Dataset excerpts:
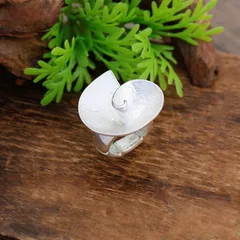 Conch Ring For Women In Simple Style With White Enamel Finish, Made Of Zinc Alloy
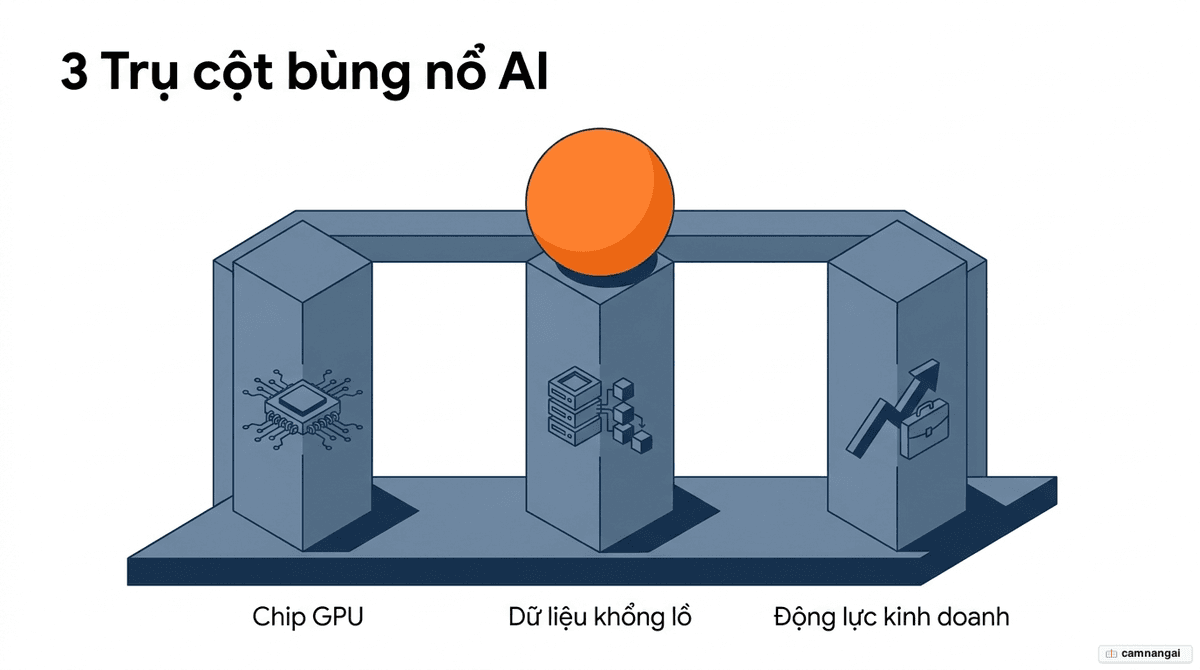Ba trụ cột nâng đỡ sự bùng nổ của AI: chip GPU mạnh mẽ, kho dữ liệu khổng lồ và động lực kinh doanh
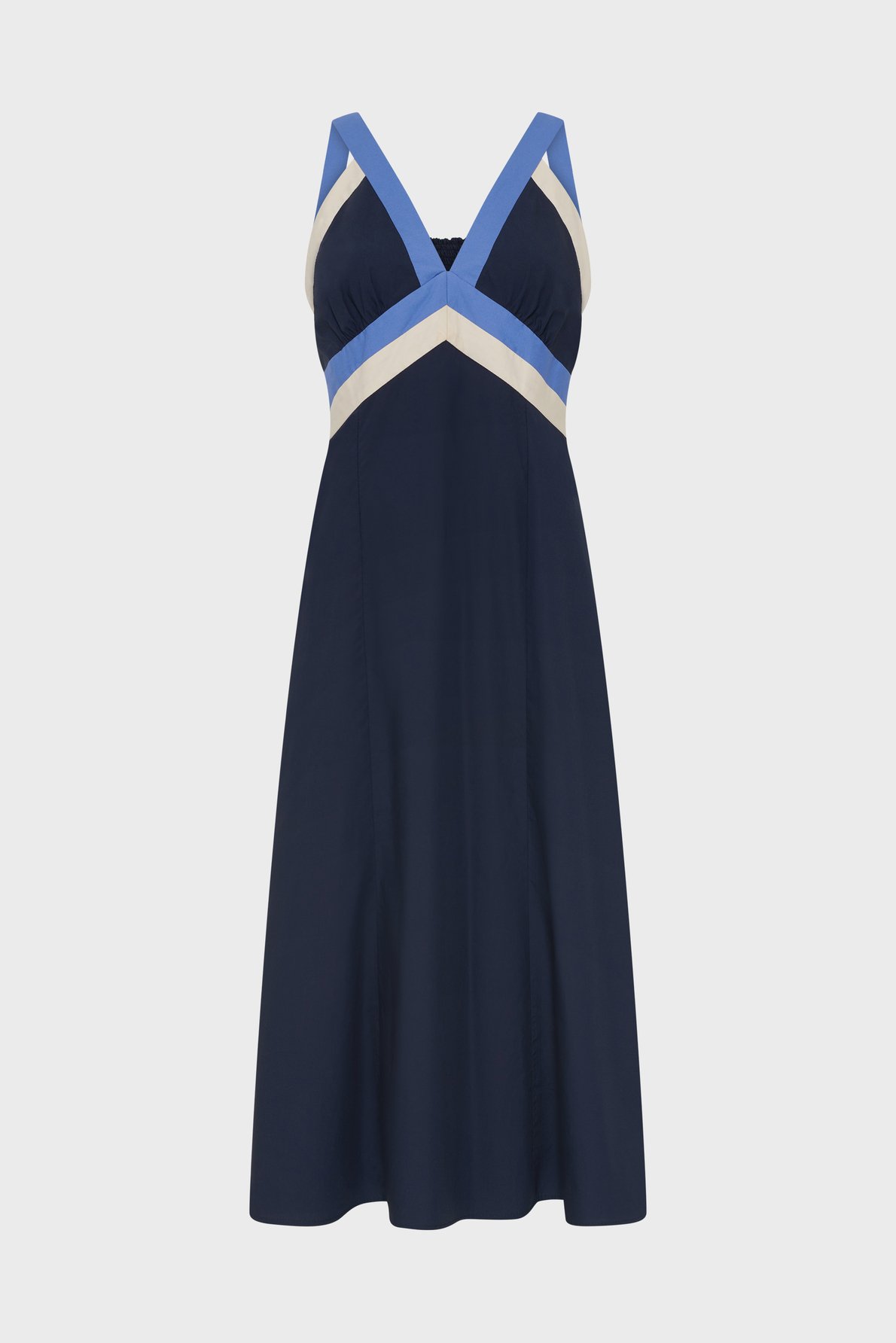 Robe longue à bretelles croisées - romyssa GERARD DAREL Bleu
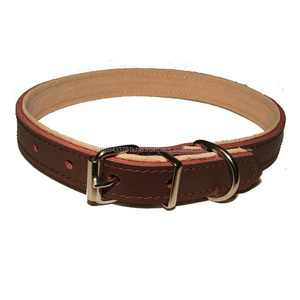 Collar de perro de cuero genuino mecanizado a mano con acolchado negro suave 1 Cierre frontal con 2 bandas para el cuello Ajuste personalizado OEM aceptado - Product Image 2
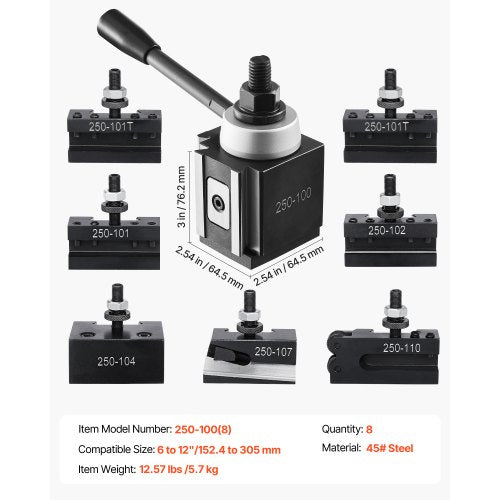 Quick Change Tool Post Set 8 Pcs Includes Lathe Tool Holders Wedge Type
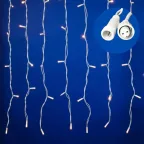 Занавес светодиодный с эффектом мерцания 3х2м Соединяемый 240 светодиодов Теплый Провод белый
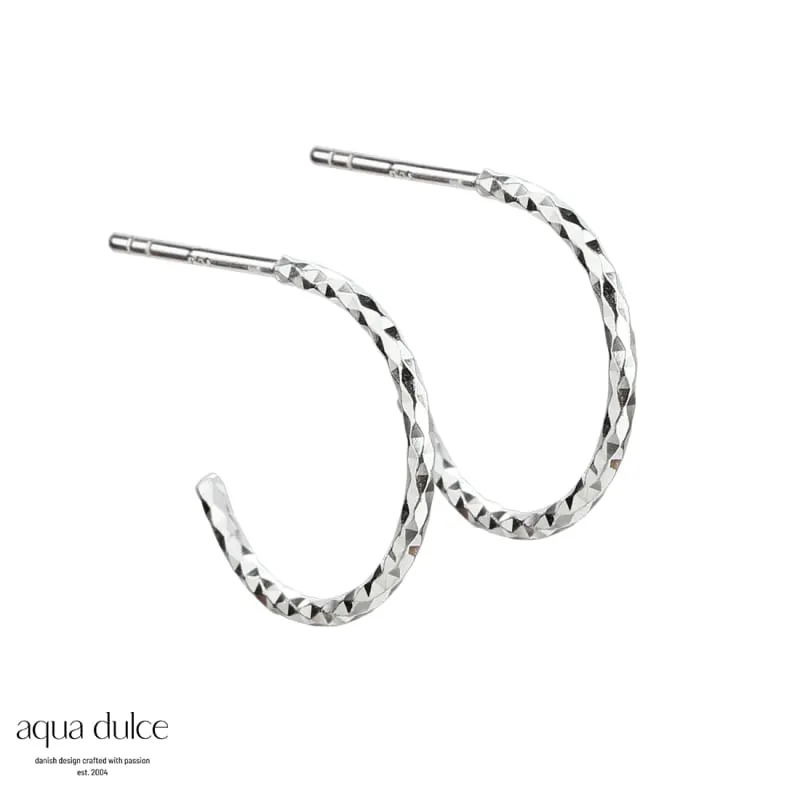 DIAMOND CUT HOOP 15 MM. | SILVER — produktfoto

### Your instructions
Copy exactly the lines from the line containing "Ba trụ cột nâng" through the last line of the records, both included, and omit every picture.

### Result below
Ba trụ cột nâng đỡ sự bùng nổ của AI: chip GPU mạnh mẽ, kho dữ liệu khổng lồ và động lực kinh doanh
 Robe longue à bretelles croisées - romyssa GERARD DAREL Bleu
 Collar de perro de cuero genuino mecanizado a mano con acolchado negro suave 1 Cierre frontal con 2 bandas para el cuello Ajuste personalizado OEM aceptado - Product Image 2
 Quick Change Tool Post Set 8 Pcs Includes Lathe Tool Holders Wedge Type
 Занавес светодиодный с эффектом мерцания 3х2м Соединяемый 240 светодиодов Теплый Провод белый
 DIAMOND CUT HOOP 15 MM. | SILVER — produktfoto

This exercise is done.